Il buffone è in conflitto con Dio, in contatto ossessivo col mondo degli uomini, in complicità con il branco. Come l’eroe tragico anche il buffone è in dimostrazione, il suo passaggio è mitico e narra eventi epici e diventa eroe quando la sua beffa è ben mirata e il branco assume la sua forza.
L’eroe è il primo della scala sociale degli uomini, il buffone è l’ultimo: il mito, l’antimito.La saggezza, il bene e il male così definiti nella tragedia sono in opposizione con l’ambiguità buffonesca piena di sfumature e commenti.

- Le deformazioni
I buffoni sono abitanti dei sobborghi, delle paludi, sono esseri mostruosi, dalle enormi pance,dalle gobbe pesanti e dai sederi ingombranti. Le deformazioni sono armi di scherno e di denuncia che rafforzano la loro presenza beffarda e inquietante. Sono strettamente legati ai vizi.

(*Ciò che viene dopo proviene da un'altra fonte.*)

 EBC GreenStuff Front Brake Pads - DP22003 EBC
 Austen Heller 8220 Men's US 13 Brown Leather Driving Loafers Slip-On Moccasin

- Studio: i sette vizi capitali

- Il branco buffonesco
I buffoni si muovono in branco, uno stretto groviglio simbolo della loro complicità e solidarietà. sono la “corte dei miracoli”.Corpi deformi ed intrecciati come un unico corpo buffonesco, cumulo di pance,braccia,gobbe…
Esercitazioni collettive per cogliere il senso della beffa nell’andamento ritmico e inquietante del branco, nella sua presa dello spazio, nelle improvvise apparizioni e nelle sue fughe divertite.
Studio dell’arte figurativa di Bosh, Bruegel e Goya per nutrire il branco buffonesco di immagini pittoriche che si dissolvono per trasformarsi in nuove strutture sceniche.

- Studio delle parodie
Interpretazione individuale. Il buffone sceglie l’oggetto della sua beffa, ne assume il personaggio, il ruolo sociale o la situazione,la vive per un attimo,ripercorrendo le sue linee essenziali e caratteristiche, per poi demolirla completamente attraverso il commento del suo sorriso compiaciuto e malizioso.
I personaggi preferiti dal buffone sono figure appartenenti ad ambienti mondani religiosi o di potere. Attraverso questo stile si imparerà il senso del gioco condotto da una falsa ingenuità immediatamente ribaltato in un aggressiva denuncia.
A livello interpretativo si sperimenta una partitura di veloci e improvvisi cambi di sguardi, di atteggiamenti, di immobilità ironiche, guidato dal ritmo sincopato.

Personaggio atipico della storia del teatro, diverso da tutti gli altri, dal giullare e dal saltimbanco, dal ciarlatano e dal clown.Il clown è un personaggio solo,il suo spazio è circolare, mentre il buffone è parte integrante di una banda e il suo spazio è frontale; il clown è deriso dal pubblico, il buffone deride e schernisce chi gli sta di fronte.

Il buffone moderno e la parodia
Il buffone ritorna nell’attualità: è l’ironia in contrapposizione all’umorismo. Egli abbandonerà la deformazione apparente per assumere una deformazione psicologica assai pungente,specchio delle ipocrisie e delle debolezze umane.
Appare chiara, onesta la volontà di denuncia del personaggio, la sua lucidità nel manipolare le situazioni per colpire il segno prefissato, depistando lo spettatore ogniqualvolta la spinta aggressiva si fa troppo evidente.

Passaggi
Attraverso tutto ciò che ho imparato costruisco un passaggio scenico
- spazio
- ritmo
- azione concreta
- qualità

I testi usati come riferimento sono le poesie ed estratti di opere del poeta Francois Villon e del drammaturgo B. Brecth.